Our next guest is Spyros Makridakis, Professor at the University of Nicosia, the director of the Institute For the Future (IFF), and an Emeritus Professor at INSEAD. Spyros is also one of the co-founders of the IIF and has significantly contributed to the field by running famous forecasting M-competitions.In this episode, we get his advice on how to build a forecasting career and why strategy is so important. He shares his opinion on the best current forecasting methods and practices. Spyros recommends some of his favourite books, Forecasting Methods for Management and Business Forecasting: Practical Problems and Solutions, along with these papers Accuracy of Forecasting: An Empirical Investigation, and A brief history of forecasting competitions.
This episode's guest is Stephan Kolassa, Data Science Expert at SAP Switzerland AG, Honorary Researcher, and Associate Editor for the practitioner-oriented journal Foresight: The International Journal of Applied Forecasting.Stephan's varied work allows him to bring insights from business into academia, combining the best of both worlds. This episode discusses his day-to-day job, his research, and advice on how to build a connection between the two.Stephan mentioned his recent webinars:Forecasting Retail Demand: https://youtu.be/sUlToPvftFw Forecast Accuracy: https://youtu.be/pD_yEmEQCeo
This episode's guest is Gloria González-Rivera, Professor of Economics and Associate Dean, College of Humanities, Arts and Social Sciences, at the University of California Riverside, USA. In the episode, we discuss important topics such as the issues with diversity in our community and how to advocate for positivity and open-mindedness, especially in connections between academic forecasters and practitioners. These collaborations and relationships are critical to the industry's progress. Gloria also shares her forecasting story and philosophy for life.

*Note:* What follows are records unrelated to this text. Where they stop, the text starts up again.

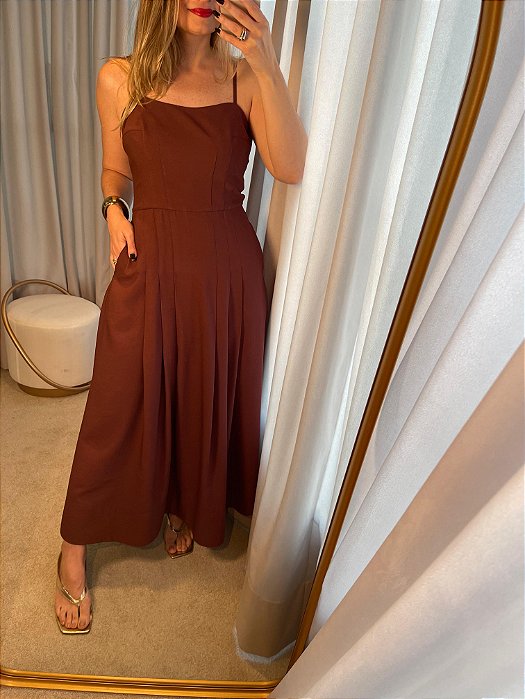 Vestido Julia Marrom
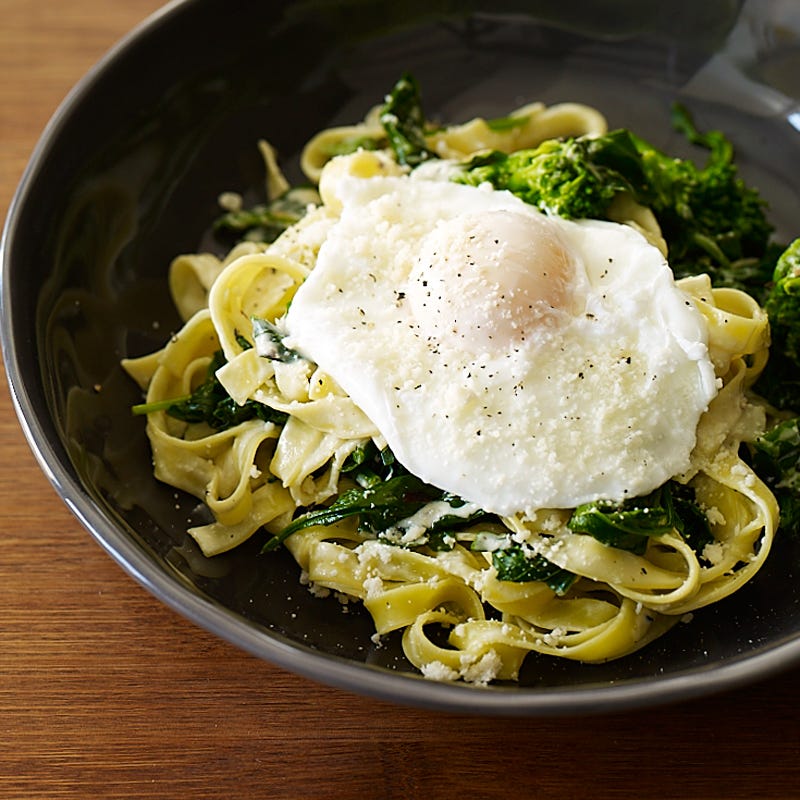 Photo of Tagliatelle with Spinach, Broccoli Rabe, and Egg by WW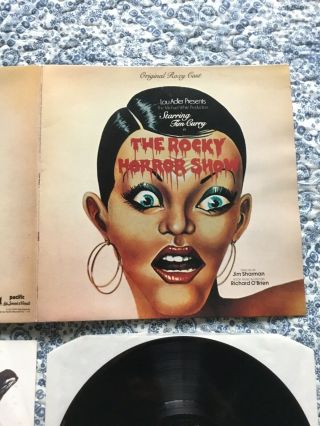 Tim Curry - The Rocky Horror Show 1974 Roxy Cast 1970’s Ode Lp Ex Play 2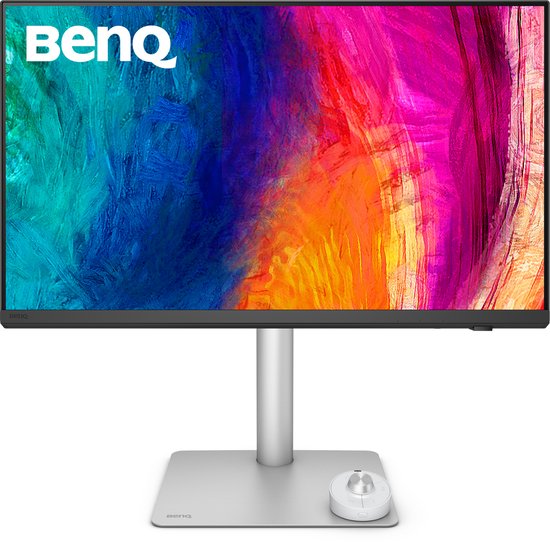 BenQ PD2730S 27 inch 5K monitor - 90W Thunderbolt 4 - 218 PPI - 98% P3 - 2000:1 contrast - Nano mat scherm - Daisychain - KVM - in hoogte verstelbaar - Mac-compatibel Thunderbolt display- 3D-kunstenaars - VFX-animatoren - gamedesigners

Our second guest is Robert Fildes, Distinguished Professor and Director of the Centre of Marketing Analytics and Forecasting (CMAF) at Lancaster University, UK.Robert is one of the founding fathers of the IIF, alongside J. Scott Armstrong, Spyros Makridakis, and Robert Carbone. This episode explores Robert's experience working towards his PhD in statistics at the University of California, his professional experience in the forecasting world, and the founding of the IIF.
Our first guest is the well-known forecaster Rob Hyndman, Professor of Statistics and Head of the Department of Econometrics & Business Statistics at Monash University, Australia. In this episode, we talk about his career, projects, challenges, a history behind his R packages, and some consultancy work tips.
Welcome to our "Forecasting Impact", a podcast by the International Institute of Forecasters. We will bring the best academics and practitioners from around the globe to discuss forecasting in various applications and share their knowledge and experience. Mahdi Abolghasemi will be hosting this show with the support of the "Early Career Researchers" group. We hope you enjoy it!